Chris Robinson Brotherhood El Rey Theatre, Los Angeles, CA- 11/28

Photo by Stuart Levine

As front man for the Black Crowes, Chris Robinson’s elastic, mystical gyrations, complemented a voice steeped in Southern heritage, making for a center stage centerpiece that demanded and deserved attention. In that band, which he shared with his brother, guitarist Rich Robinson (which at the moment is in a nebulous state of undefined vacation), It was not unusual for the Crowes to endure periods of, to be polite, sibling discord. So, it’s with a wink of irony that the Chris Robinson Brotherhood exists, itself a quintet of like-minded psychedelic explorers that finds Robinson playing guitar, singing as happily, freely, and as well as ever, and looking much more like a rank-and-file bandmate than the rock star whose name graces the marquee and eponymously leads this ragged crew of wonderfully talented musicians on the Friday night after Thanksgiving into Los Angeles and the El Rey Theatre.

The flag-flyers of informality appeared without introduction, each a sartorial template of the ‘70s, and lit a match to Frank Motley’s “Try Rock & Roll.” From the first step, the whirling wizardry of Adam Macdougall on any one of his many keyboards, electric piano for the opener, was on parade, whether on the loping “Tomorrow Blues,” from the Brotherhood’s 2012 co-debut Big Moon Ritual, or an idyllic “If Your Wheel Don’t Roll,” off the band’s other 2012 release The Magic Door. A somewhat sedate, reserved introductory trio, the lively, thumping “Safe in the Arms of Love,” a cover by definition from Robinson’s New Earth Mud band, and a chunky, danceable interpretation of Bob Dylan’s “She Belongs to Me” started to shake loose the holiday hangover. The sauntering “Meanwhile in the Gods” emerged into “Tulsa Yesterday,” and some spectacular guitar from Neal Casal, before the escalating rock and roll of Slim Harpo’s “Got Love if You Want It,” with Robinson on harmonica, closed out the first act.

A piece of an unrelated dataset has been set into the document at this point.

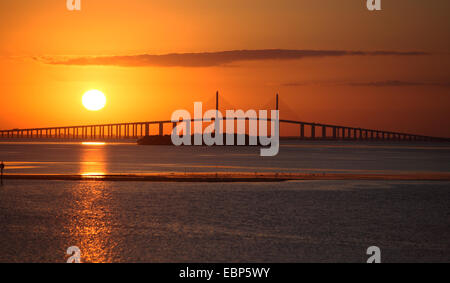 Sonnenaufgang über dem Sunshine Skyway Bridge in Tampa Bay, USA, Florida, St. Petersburg Stockfoto
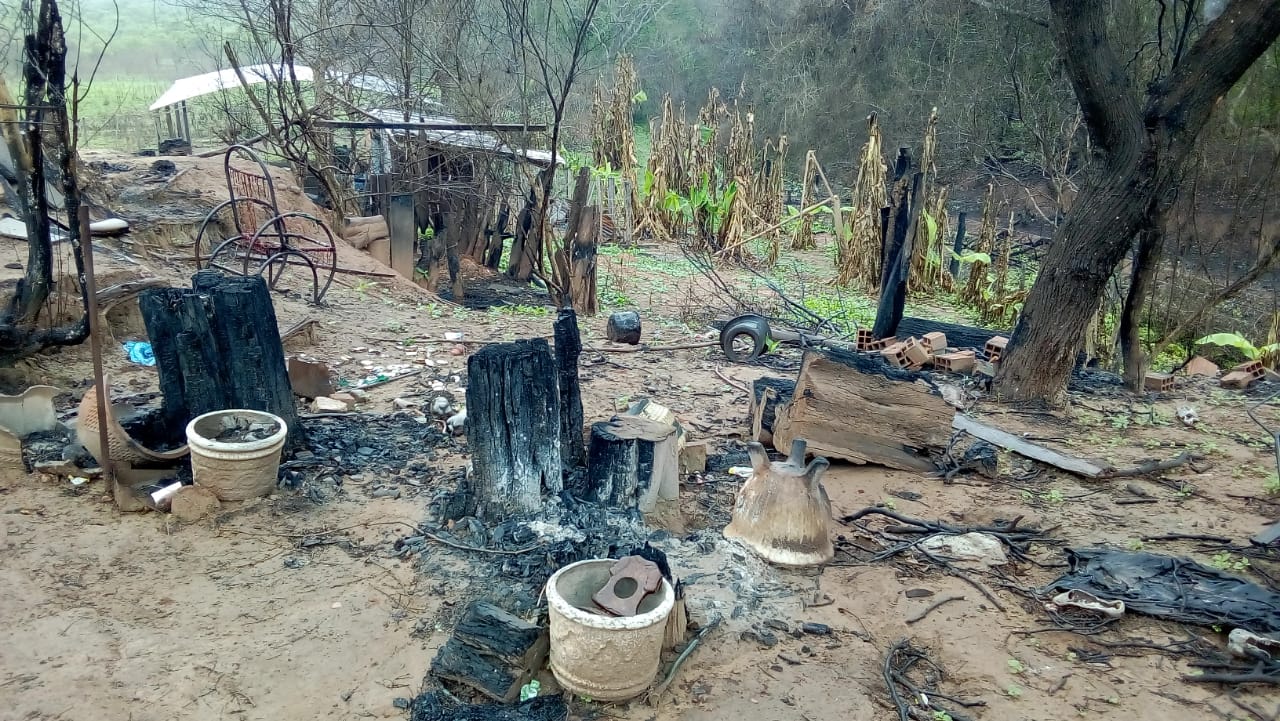 Perspectiva de los restos de la vivienda incendiada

After a brief intermission, the second set powered up with Leon Russell’s “Stranger in a Strange Land” and the pushing prowl of “Shore Power.” The shuffling, riverboat drift of “Beggar’s Moon” and country-fried “Clear Blue Sky & The Good Doctor” rode in on an easy wind, before the “Vibration and Light Suite” sent the boys hurtling through a celestial field of mirror balls and blurred, bell-bottomed bliss. Gorgeous harmony marked New Earth Mud’s “Ride,” with Tom Rush’s “Driving” and the rippling, good-time “Rosalee” drawing the show to close. Perhaps in an homage to both the El Rey’s history as a motion picture palace and the venue’s proximity to Hollywood Boulevard, the Brotherhood’s encore debuted a slightly baroque reading of The Kinks classic “Celluloid Heroes,” then another inaugural for the group, the Crowes-by-way-of-Grateful Dead-by-way-of Otis Redding’s “Hard To Handle,” holding tight to the funky staccato guitar breaks and bringing the concert to its conclusion.

At times, the air of nostalgia did hang cannabis-thick. Yet, there is a welcome tugging at the loose threads of the robe of modern-day, production value pretense that emanates from a Chris Robinson Brotherhood performance. Absent any affectation or ulterior intent, with only the desire to be the finest house band for tonight’s party, the exceptionally strong songwriting of these five is more than able to saddle up with a wide-ranging repertoire of compatible covers for an over two-hour evening joyous and carefree.